It concludes by contending for the lack of merit of all claims, including that relating to compensatory interest, excepting, as to the latter, that even if the former were to succeed, there would never be grounds for compensatory interest as there is, in its view, no error attributable to the services that would justify it.
1.6
Having been notified of the Tribunal's intention to waive the arbitral tribunal meeting provided for in article 18 of the RJAT, the parties did not come to object.
1.7
On 23 November 2017 the Applicant presented its arguments, reiterating the position already set forth in the request for constitution of the Arbitral Tribunal and further arguing that the Respondent entered into contradiction, with respect to the Social Security issue, as to the moment at which the Social Security debt becomes certain, liquid and due.
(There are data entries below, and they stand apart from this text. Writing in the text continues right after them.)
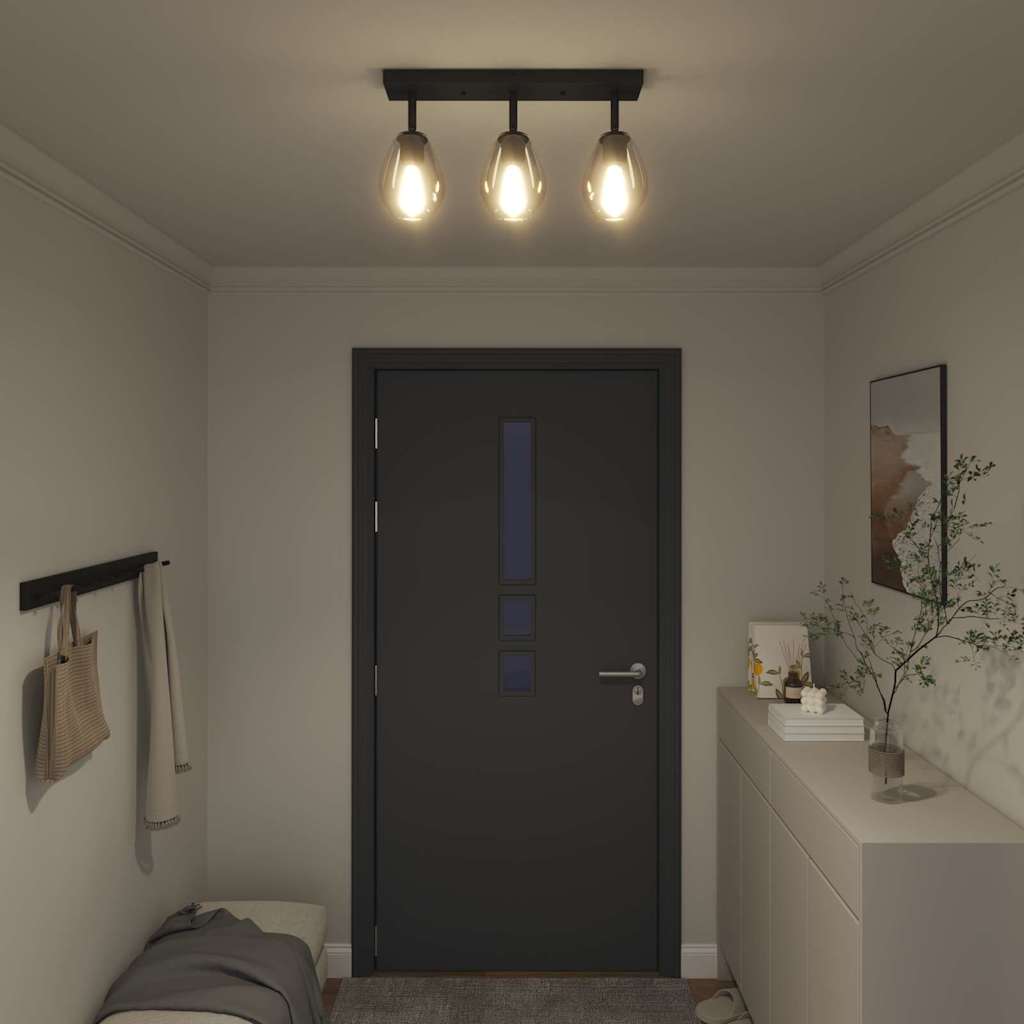 Lurevia - Takspotlight Svart 54 x 13 x 26 cm Glas och metall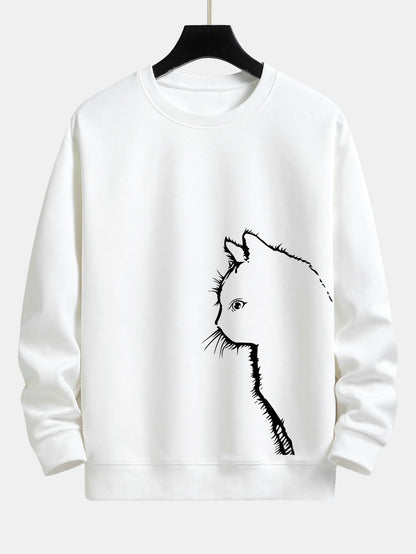 Relaxed Fit Sweatshirt with Cat Silhouette Design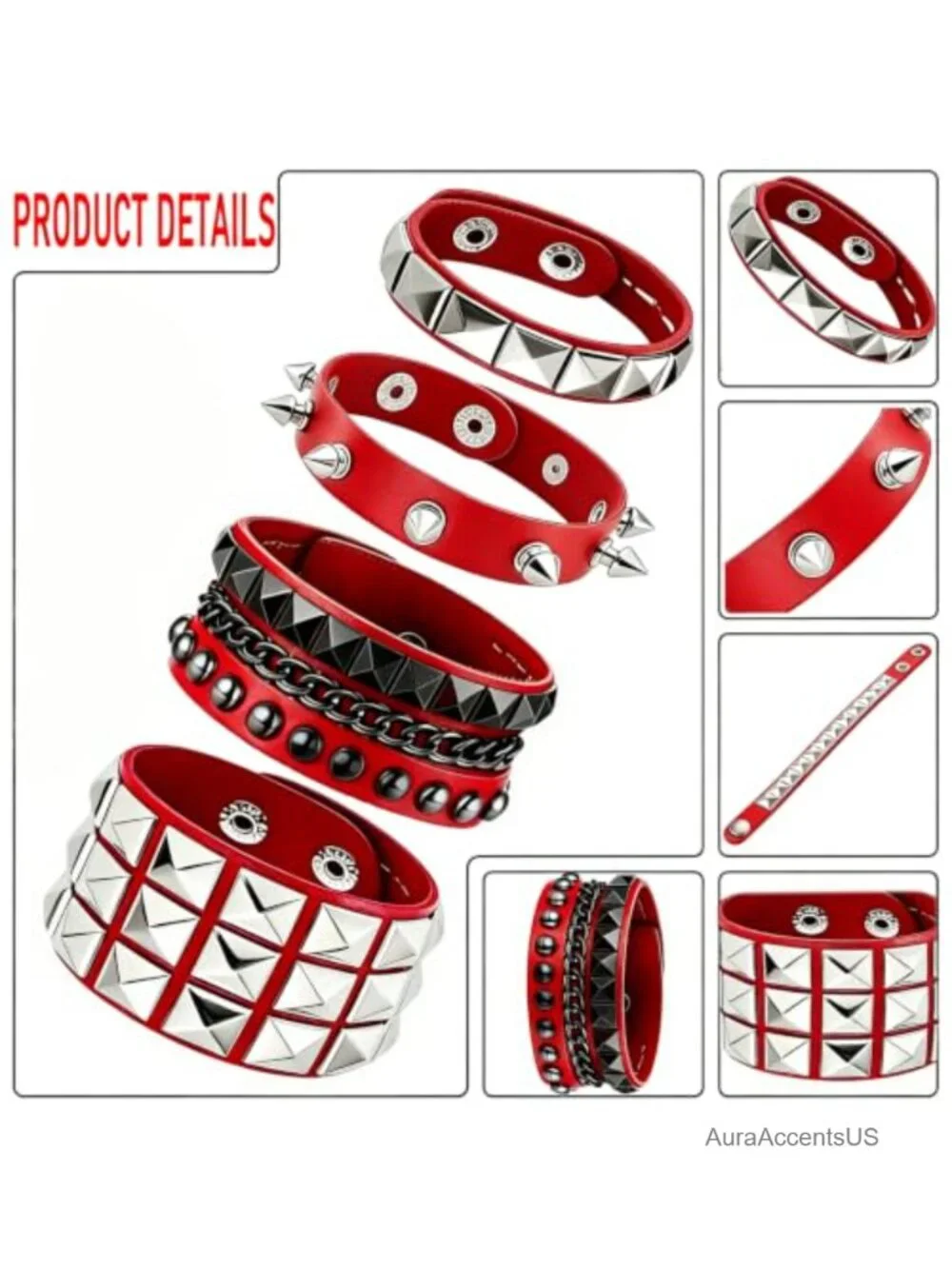 4PC Faux Leather Wrap Bracelets Punk Studded Wrist Cuff Unisex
It further contends that "since the expense was not previously deductible by way of estimate/provision (in this the Tax Authority and taxpayer agree), and the expense having only been materialized/substantiated in settlement in 2013, it then belongs fiscally to the ascertainment of the taxable profit of 2013, regardless of the technical question of whether from an accounting point of view this expense should enter into the ascertainment of the accounting result of the financial year 2013 (and it is understood that yes, reversing prior accounting provisions and recording in counterpart this expense which now gained actual existence, as opposed to potential) or whether it should instead directly affect the account of equity (negative equity variation) without passing through the results account of the financial year".
1.8
The Respondent presented its arguments on 24 November 2017, in which it maintains in full the content of its Response duly presented, reiterating the arguments set forth therein. It adds that, in its view, no taxpayer can carry any revenue or expense to a different year, even if it has paid or received it in that other year, and therefore, in light of this principle, the Tax Authority cannot accept the deduction of this expense in the year 2013 only because it was in this year that the payment occurred, substantiating this thesis with several decisions of higher courts, which it identifies, and continuing to sustain that it is with the tax event that the tax obligation is born and that, in the case of Social Security, the determination of this value is not dependent on any other ascertainment other than that resulting from the law, and this is not capable of either ignorance or unforeseeability, it is at that moment that the obligation becomes liquid, certain and due.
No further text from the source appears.